62分、鈴木隆行がポストプレーからスルーパス。走り込んだ橋本がGKと1対1の局面を迎える。コースを狙いすまして左足で放ったシュートはクロスバーに跳ね返されてしまう。再三チャンスを作り出しながらもゴールを決めきることができず、「あと一歩」で勝利を逃し続けた10試合の嫌な流れがチームを包みかけていた。
しかし、ついに水戸は「あと一歩」の壁を自分たちの手でこじ開けてみせた。80分、左サイドを突破した輪湖直樹がクロス。ファーサイドでボールを受けた三島康平が粘りながらボールをキープ。鈴木隆にボールが渡り、その後ろに走り込んだ橋本にパスが送られる。そして「ゴール全体が見えていた」橋本は左足のインサイドでボールをミートさせて、ゴール右隅に流し込んでみせた。
実に6試合ぶりの先制点。選手たちは喜びを爆発させた。その後、鈴木隆行が無人のゴールに放ったシュートがクロスバーに当たってチャンスを逸す場面があったものの、終盤の東京Vの捨て身の猛攻をしのぎ切り、11試合ぶりの勝点3を手にした。「長かった」。試合後、橋本は安堵の表情を見せた。

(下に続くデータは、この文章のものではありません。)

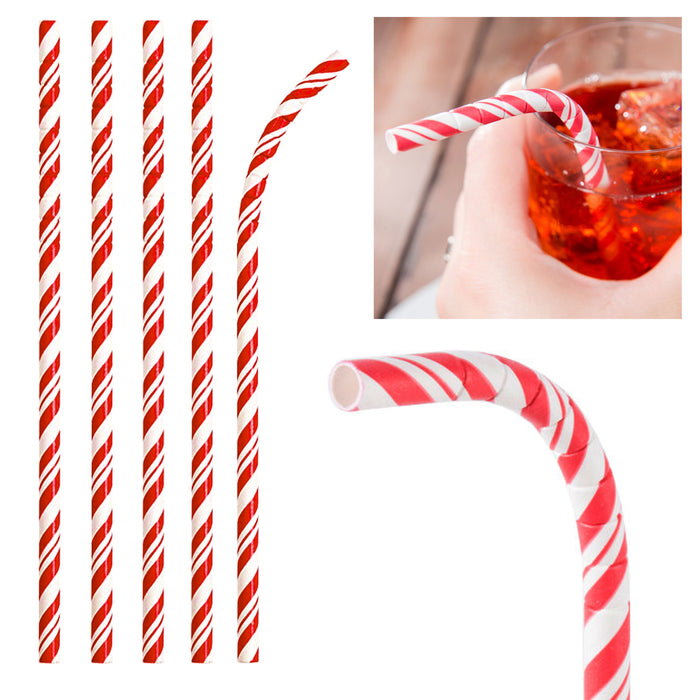 48 Pc Flexible Paper Straws Party Colorful Disposable Striped Drinking Straw Red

勝因は「一体感」にある。水戸が「あと2、3点入るチャンスがあった」(柱谷哲二監督)展開だったとはいえ、決して簡単なゲームではなかった。序盤は東京Vに押し込まれる場面が続き、数的優位に立ってからはカウンター狙いの相手の攻略に苦しんだ。一瞬でも集中を切らし、バランスを崩したら、東京Vの鋭い刃の餌食となっていたことだろう。しかし、この日の水戸の選手たちは勝利のために気持ちを一つにして戦い抜いた。
相手の厳しいプレッシャーに序盤は苦しんだが、「とにかく前半は失点しないように慎重にゲームを運んだ」と冨田大介が振り返るように、リスクをかけないサッカーを展開。そして、20分を過ぎて相手の運動量が落ちると、ボランチが積極に絡んでボールをサイドに散らして東京Vの陣形を広げてボールを支配。44分、金鐘必が2枚目の警告を受けて退場し、数的不利となった東京Vはリトリートしてカウンター狙いを徹底。引いた相手をいかに崩すかという難題を突き付けられることとなった。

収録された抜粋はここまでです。